Le principe que contient cette sage remarque devint l’assise de ses progrès dans le bien ; jamais il ne comprit que la moelle, c’est-à-dire le travail sur soi-même, fût négligée pour le fracas des œuvres extérieures. Sa devise n’aurait jamais été, ainsi qu’il arrive parfois dans le monde aux agités du bien :
« De l’extérieur viendra mon perfectionnement moral » ; mais : « De la perfection de mon être moral viendra le bien extérieur. »
« Que je devienne réservé, modeste, calme, sérieux, tranquille. Ce sont là les qualités de mon état…
« Je suis attaché à la règle par la crainte, mais je ne puis pas encore m’y attacher par amour. L’obligation qu’elle me présente me subjugue et m’écrase. Mais je sens bien au fond que ma nature mauvaise demeure rebelle, indomptable, indisciplinée. C’est pourquoi je suis triste, de la tristesse des domptés.
« Il faut que cette tristesse s’en aille, et, Dieu aidant, elle s’en ira. »
Plus tard, quand il revient sur un sujet auquel il attache une importance capitale, il écrit :
« Plus je vieillis au séminaire, plus je trouve la tâche douce et aisée… J’ai reconnu la portée intérieure de ces actes qui, nous inspirant l’amour et l’habitude de l’ordre en ces choses, nous fait penser à nous appliquer sérieusement dans nos exercices spirituels.
« Le règlement ! Autrefois ce mot me paraissait dur et tyrannique.
« Autrefois !… Il y a deux ans. »
Et dans un parallèle qui indique un esprit déjà pénétrant, il explique en quoi consiste la différence entre un règlement de collège et celui du séminaire, comment le premier est inefficace pour la formation de la volonté, comment le second donne aux énergies toute leur valeur.
« Pendant tout mon collège, tandis que j’étais jeune et que mon esprit n’avait pas encore commencé à comprendre et à juger les choses de la vie, le règlement s’imposait à moi du dehors.
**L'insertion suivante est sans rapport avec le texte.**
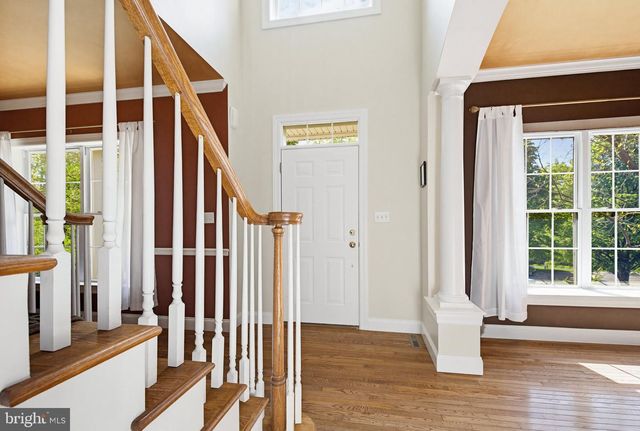 2760 STEVENS SUMMIT DR, Columbia, PA 17512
Je le suivais sans l’aimer, et m’en débarrassais le plus possible.
« Au séminaire, la situation changea. Le règlement ne se trouvait plus visiblement lié à une autorité extérieure et agissante dont le rôle était de me l’imposer coûte que coûte. On en faisait une loi mise en face de notre conscience et de notre loyauté. Cela ne me pesait plus…
« Depuis j’ai senti le progrès monter continu dans la conscience que je prenais de moi-même. Je commençai à comprendre ce qu’était le devoir et quelle était sa force. Et peu à peu je me suis imposé le règlement à moi-même, ou mieux j’y ai rallié ma conduite après en avoir senti la nécessité… »
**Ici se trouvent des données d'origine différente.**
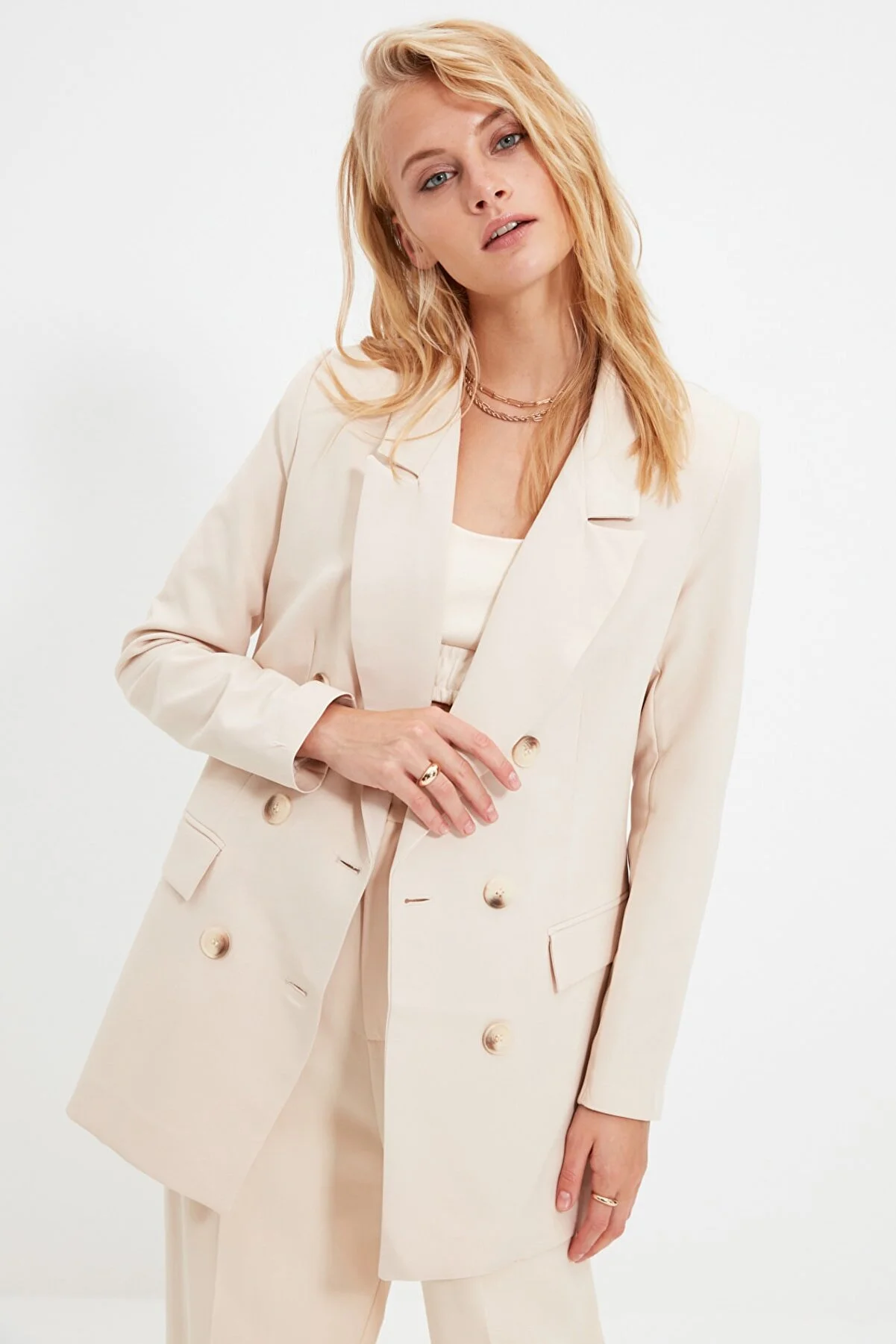 Trendyol Collection  Beige, übergroße, gefütterte Blazerjacke aus Webstoff TWOAW20CE0130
« Élever quelqu’un, dit-il ailleurs, c’est lui donner conscience de ce qu’il est, développer son pouvoir de réflexion puis mettre en lui le désir d’un état supérieur… Il faut laisser marcher les esprits et les âmes chacun à sa manière et ne pas les étouffer, mais les conduire et les orienter. Le plus grand bienfait que je doive à mes directeurs du séminaire est d’avoir ainsi compris ma formation : c’était, je crois, la seule manière.
« J’ai conscience du but à atteindre et j’aspire vers lui ; mais je suis convaincu que le règlement me porte dans cette voie. Je me laisse porter par lui… Je ne pense même pas qu’il impose à notre pensée, à notre esprit et à notre cœur un vêtement unique et comme un seul uniforme ; manière de penser et façon d’aimer, il ne nous impose rien de tout cela ; il ne tue pas notre âme pour la remplacer par l’idéal qu’il porte en ses flancs ; lui-même n’a pas d’âme, et la vie qu’il possède, c’est nous qui la lui donnons. C’est un outil dont chacun se sert selon sa méthode. »
Il travaillait sérieusement et avec application, bien que, dans ses notes, il se plaigne de sa légèreté d’esprit et parle de ses répugnances.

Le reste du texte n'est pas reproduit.